Repair is the only ‘R’ word that can solve our healthcare woes

Greg Nash

Repeal and replace. These two words have been echoing through the halls of Congress and on the campaign trail for years. Since its enactment, the Affordable Care Act (ACA) has survived two Supreme Court challenges and more than 60 repeal votes. But, with Republicans running the House, Senate and Oval Office, most people felt it was just a matter of time before this campaign promise became a legislative reality. Not so fast.

With the latest attempts to give ObamaCare a little “R&R” hanging on by a thread, it appears that a few Republicans are coming around to a more open process while some are still set on repeal. So why is the commonsense approach of repairing ObamaCare, as Sen. Chuck Schumer (D-N.Y.) called for this week, still not on the list of options to help solve issues like high deductibles, rising premium costs and availability of insurers? Well, it’s political, especially when the consequence of repeal is kicking up to 32 million people off insurance.

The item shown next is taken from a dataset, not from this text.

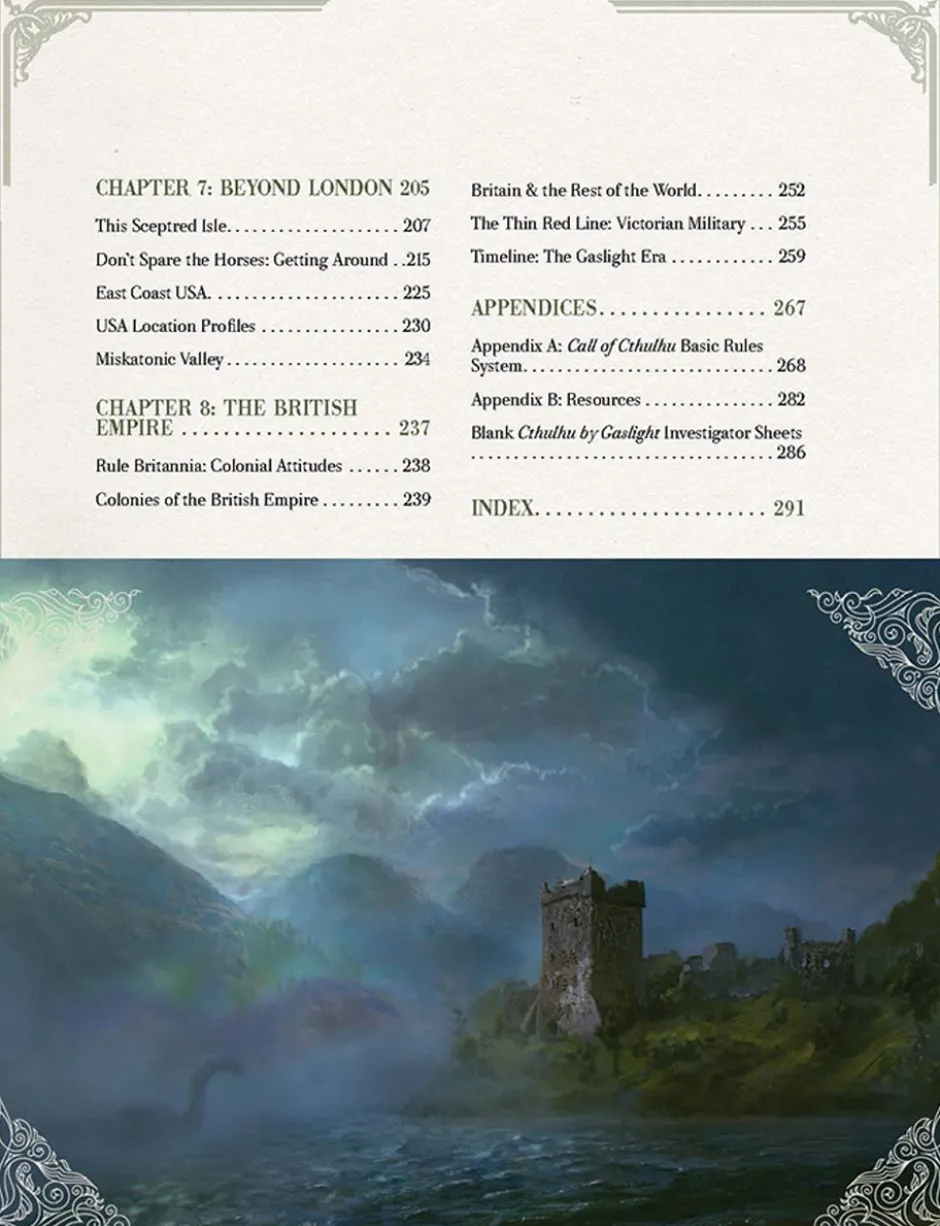 Call of Cthulhu: Cthulhu by Gaslight Investigator’s Guide VO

{mosads}Here are the facts: ObamaCare isn’t a disaster, collapsing or in a “death spiral,” despite Republican talking points. On the contrary. A new study from the Kaiser Family Foundation confirms that the insurance market has stabilized and is working as intended to help address some of the premium issues.


The other fact is that most of the people who voted for the repeal of ObamaCare will be negatively impacted by the dissolution of coverage of pre-existing conditions, preventive care, essential health benefits, kids up to the age of 26, mental health and rehabilitation services. Since “repeal and replace” is a non-starter for Democrats and 50 percent of Americans, here are a few ways that Republicans can reach across the aisle to repair ObamaCare and successfully fulfill their duty to do what’s best for their constituents, politics aside.

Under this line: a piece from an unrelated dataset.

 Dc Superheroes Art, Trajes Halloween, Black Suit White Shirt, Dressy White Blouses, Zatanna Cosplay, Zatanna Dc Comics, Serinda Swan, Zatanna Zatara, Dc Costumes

The biggest and most meaningful fix to ObamaCare is to authorize the cost-sharing reductions. These are the subsidies provided to insurers to help share the cost of premiums for low-income consumers and one of the real reasons we are seeing many carriers pulling out of markets and limiting choice.  

As it stands, Republicans have the CSRs tied up in legislative limbo and it is unclear if the Trump administration will approve these payments. The President’s recent vow to “let ObamaCare fail” doesn’t do much to restore confidence among carriers. But if the intent behind the repeal and replace promise is more than just politics, then this move will help millions of Americans struggling to pay premiums and thousands whose carrier options are limited to one or none.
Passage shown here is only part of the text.